--- Your goal ---
No pictures go into the copy. Write out exactly the lines below from the one containing "Bridal Dress: Mori" through the one containing "Main Image 1".

--- Task inputs ---
=== Begin Enclosure ===
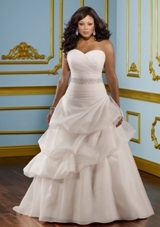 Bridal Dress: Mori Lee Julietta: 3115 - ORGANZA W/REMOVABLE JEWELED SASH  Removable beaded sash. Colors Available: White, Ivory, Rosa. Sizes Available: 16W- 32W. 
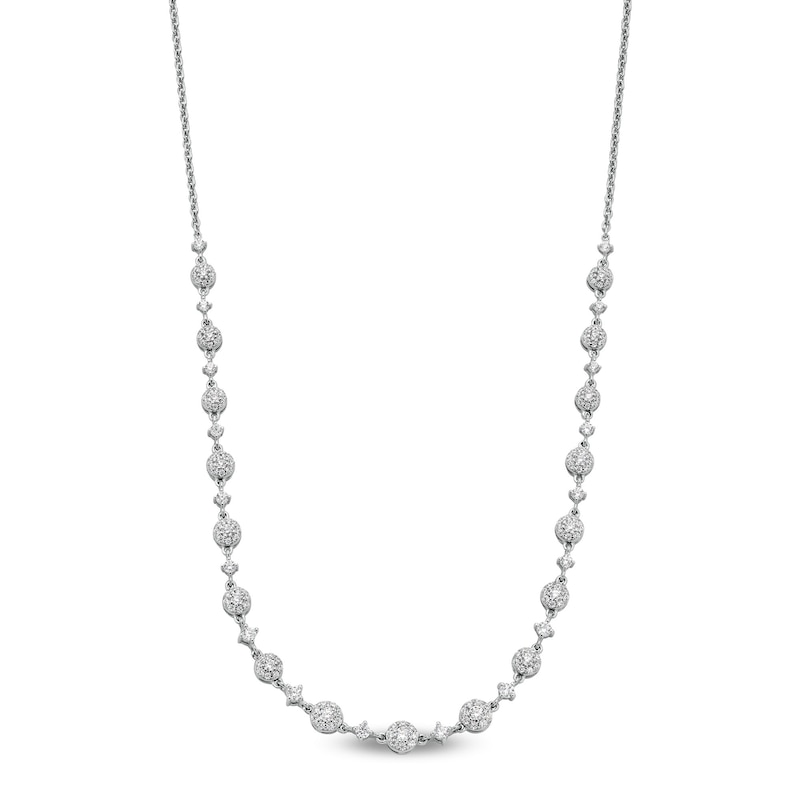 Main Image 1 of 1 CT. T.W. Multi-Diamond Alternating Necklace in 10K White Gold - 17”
=== End Enclosure ===
=== Begin Enclosure ===
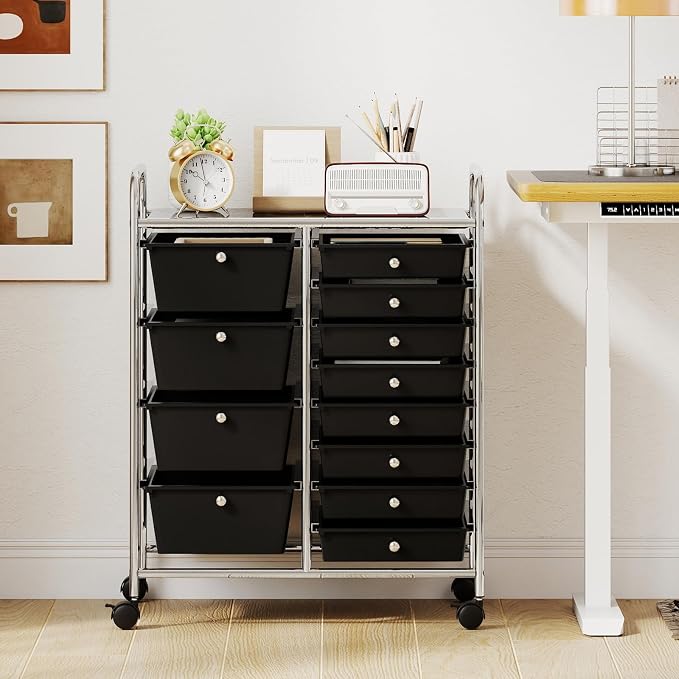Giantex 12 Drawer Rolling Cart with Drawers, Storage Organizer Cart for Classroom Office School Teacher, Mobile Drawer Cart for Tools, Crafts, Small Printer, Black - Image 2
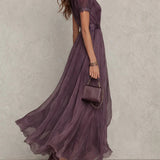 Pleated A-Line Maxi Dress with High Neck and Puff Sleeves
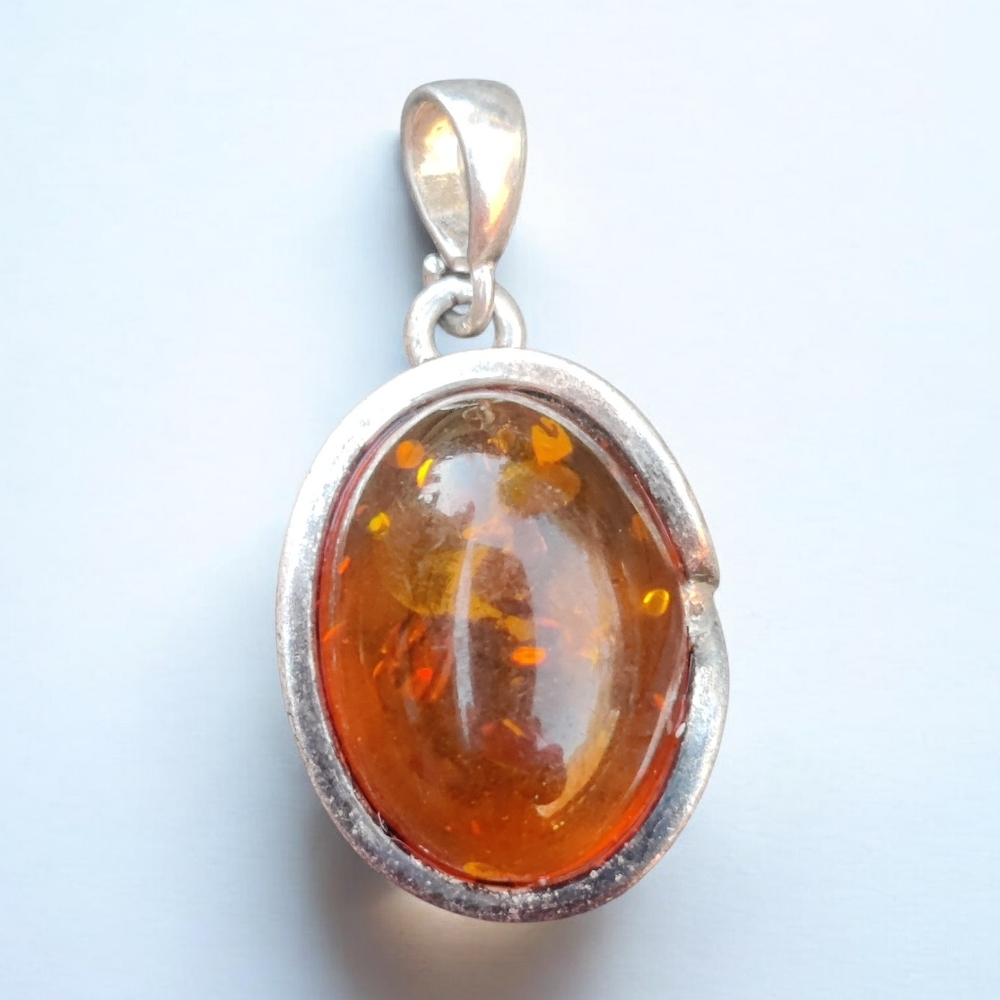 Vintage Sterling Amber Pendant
=== End Enclosure ===
--- Completed exercise ---
 Bridal Dress: Mori Lee Julietta: 3115 - ORGANZA W/REMOVABLE JEWELED SASH  Removable beaded sash. Colors Available: White, Ivory, Rosa. Sizes Available: 16W- 32W. 
 Main Image 1 of 1 CT. T.W. Multi-Diamond Alternating Necklace in 10K White Gold - 17”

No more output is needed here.